From the first line of the listing, copy each line exactly until you have included the line with "The model is"; leave out the pictures.

====== Data provided

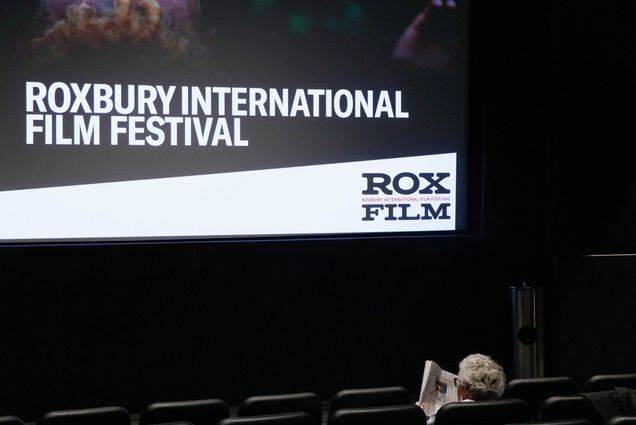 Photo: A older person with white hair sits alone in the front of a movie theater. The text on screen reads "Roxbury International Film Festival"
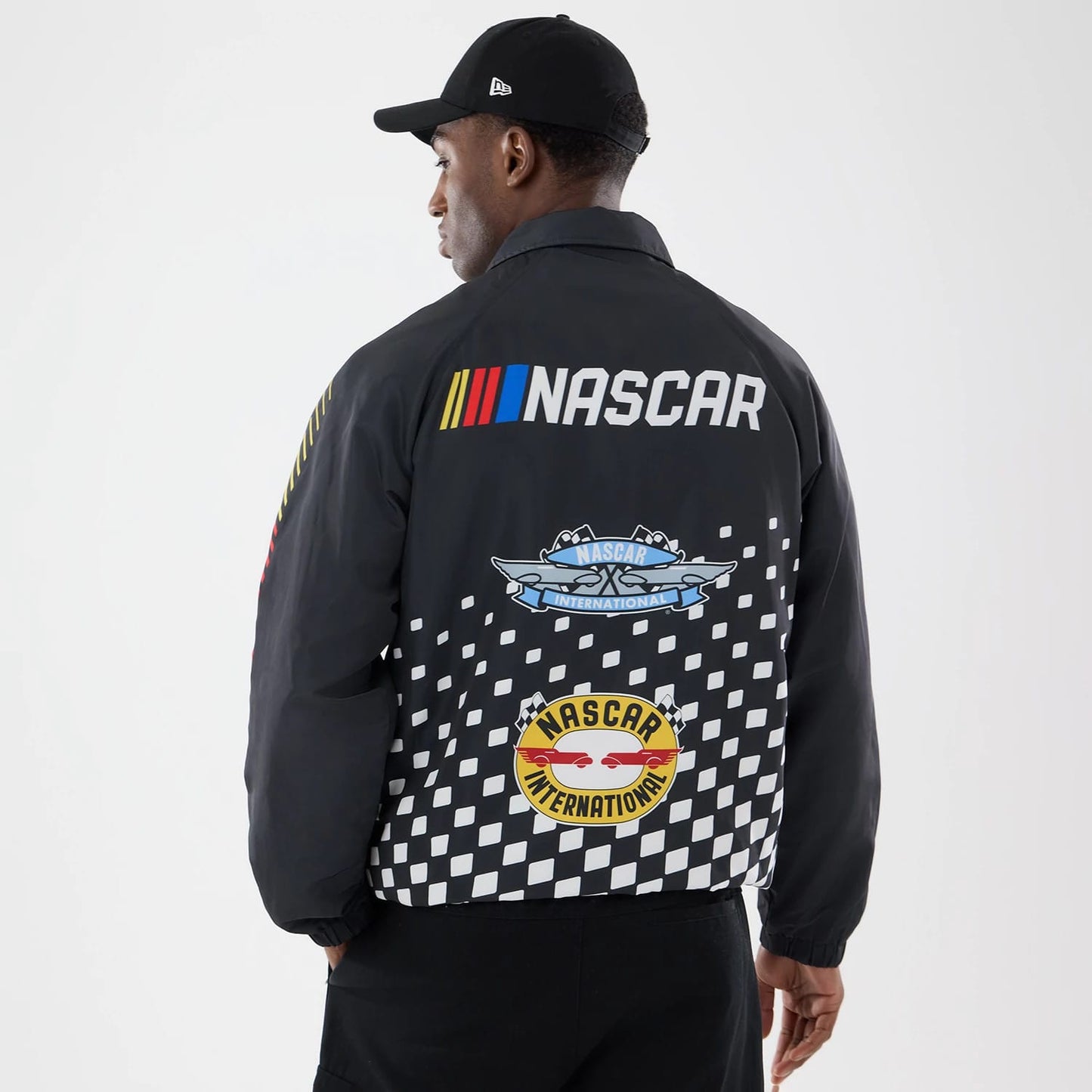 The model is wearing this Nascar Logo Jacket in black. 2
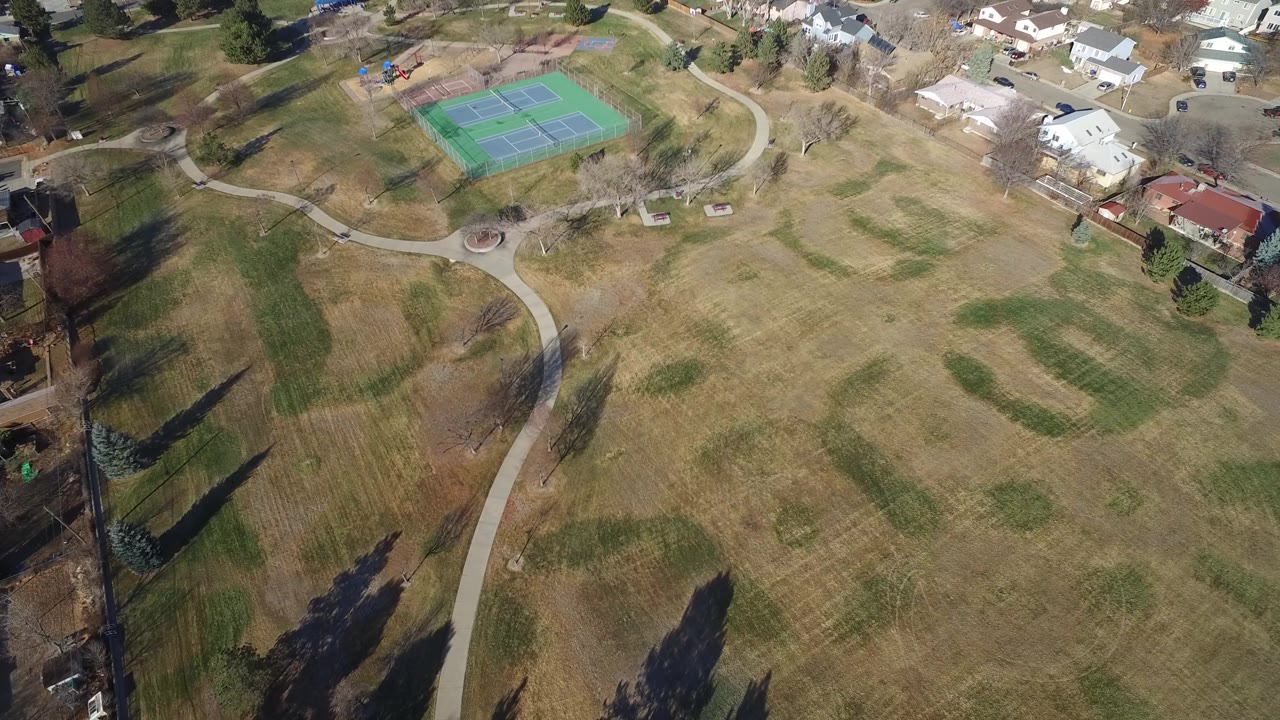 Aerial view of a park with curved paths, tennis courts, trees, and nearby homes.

============

§ **Output for this exercise**
 Photo: A older person with white hair sits alone in the front of a movie theater. The text on screen reads "Roxbury International Film Festival"
 The model is wearing this Nascar Logo Jacket in black. 2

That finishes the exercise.